(Bloomberg) -- There’s more trouble ahead for the short-dollar trade.
So says David Riley, chief investment strategist at BlueBay Asset Management LLP, an alternative debt manager with $60 billion. In April, he snapped up euro-dollar currency options to insulate local emerging-market investments from a rally in the greenback that he says may have more life yet.
“There is potential for a bit of a short squeeze and a pain trade in dollars and we want to protect ourselves from that,” Riley said in an interview. “It makes more sense in some of our multi-asset credit portfolios to hedge some of that exposure we have via EM.”
Emerging markets have suffered as resurgent U.S. inflation expectations and Europe’s easing growth momentum fed dollar gains. The Bloomberg Dollar Spot Index has increased 3.1 percent since April 16, though speculative positioning remains notably bearish.
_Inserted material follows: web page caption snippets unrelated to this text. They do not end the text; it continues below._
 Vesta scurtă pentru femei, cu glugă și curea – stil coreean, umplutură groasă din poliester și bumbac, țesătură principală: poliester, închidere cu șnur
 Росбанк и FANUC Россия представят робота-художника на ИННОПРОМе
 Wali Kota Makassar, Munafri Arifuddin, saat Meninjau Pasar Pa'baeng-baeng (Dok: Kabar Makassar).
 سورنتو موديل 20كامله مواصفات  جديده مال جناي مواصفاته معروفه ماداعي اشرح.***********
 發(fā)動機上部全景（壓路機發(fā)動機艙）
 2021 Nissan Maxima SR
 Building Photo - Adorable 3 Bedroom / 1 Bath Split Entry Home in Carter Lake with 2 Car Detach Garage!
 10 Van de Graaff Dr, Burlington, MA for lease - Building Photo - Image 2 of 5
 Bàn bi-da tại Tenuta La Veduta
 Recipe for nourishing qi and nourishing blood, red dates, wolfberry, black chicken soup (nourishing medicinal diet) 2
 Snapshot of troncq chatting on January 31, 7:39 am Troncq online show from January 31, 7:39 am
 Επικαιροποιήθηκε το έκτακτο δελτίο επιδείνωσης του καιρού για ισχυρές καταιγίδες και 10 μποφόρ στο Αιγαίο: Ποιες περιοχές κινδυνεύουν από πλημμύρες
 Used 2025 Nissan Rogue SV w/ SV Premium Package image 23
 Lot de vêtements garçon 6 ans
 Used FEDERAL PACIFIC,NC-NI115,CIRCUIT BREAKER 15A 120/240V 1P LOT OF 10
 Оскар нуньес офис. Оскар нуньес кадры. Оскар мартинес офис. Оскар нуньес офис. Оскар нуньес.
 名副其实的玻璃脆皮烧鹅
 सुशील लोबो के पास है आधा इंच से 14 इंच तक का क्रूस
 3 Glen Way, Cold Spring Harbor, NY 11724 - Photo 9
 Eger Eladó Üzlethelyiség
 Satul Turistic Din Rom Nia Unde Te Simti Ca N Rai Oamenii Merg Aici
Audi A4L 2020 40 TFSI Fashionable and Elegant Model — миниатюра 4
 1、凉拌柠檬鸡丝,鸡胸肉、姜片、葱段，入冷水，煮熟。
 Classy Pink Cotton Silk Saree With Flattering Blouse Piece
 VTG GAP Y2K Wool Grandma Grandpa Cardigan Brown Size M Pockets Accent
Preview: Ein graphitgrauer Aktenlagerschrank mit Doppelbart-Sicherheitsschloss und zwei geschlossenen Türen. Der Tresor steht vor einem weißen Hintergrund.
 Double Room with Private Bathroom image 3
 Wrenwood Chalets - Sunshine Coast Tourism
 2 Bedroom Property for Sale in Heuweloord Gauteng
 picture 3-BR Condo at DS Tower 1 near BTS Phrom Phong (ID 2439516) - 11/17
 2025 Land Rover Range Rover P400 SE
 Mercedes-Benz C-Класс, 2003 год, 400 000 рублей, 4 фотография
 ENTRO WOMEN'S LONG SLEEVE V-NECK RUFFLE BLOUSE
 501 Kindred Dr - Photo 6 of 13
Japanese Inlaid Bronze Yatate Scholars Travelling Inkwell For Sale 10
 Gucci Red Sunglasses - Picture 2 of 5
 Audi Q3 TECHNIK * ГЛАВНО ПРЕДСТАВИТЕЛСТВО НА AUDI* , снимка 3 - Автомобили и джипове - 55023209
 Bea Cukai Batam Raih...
Investors who gobbled up developing-economy assets this year often did so unhedged, effectively banking on continued dollar weakness. Carry-trade returns from eight emerging markets, funded by short positions in the U.S. currency, turned negative for the year last week, according to one Bloomberg index.
Still, there’s some solace for emerging markets. The London-based investor sees the Treasury selloff stalling, for now, with the 10-year yield retreating from 3 percent notched last week. In April, Riley exited a short position on U.S. interest-rate futures established in October and turned neutral -- in discord with record bets against 10-year Treasury contracts. Subdued trend inflation and a Federal Reserve lacking hawkish zeal should support bond prices, according to Riley.
“We don’t think we’re going to get those signals until the June meeting,” he said. “At the moment, it pays to be on the sidelines even though we think over the next two years Treasury yields will move higher.”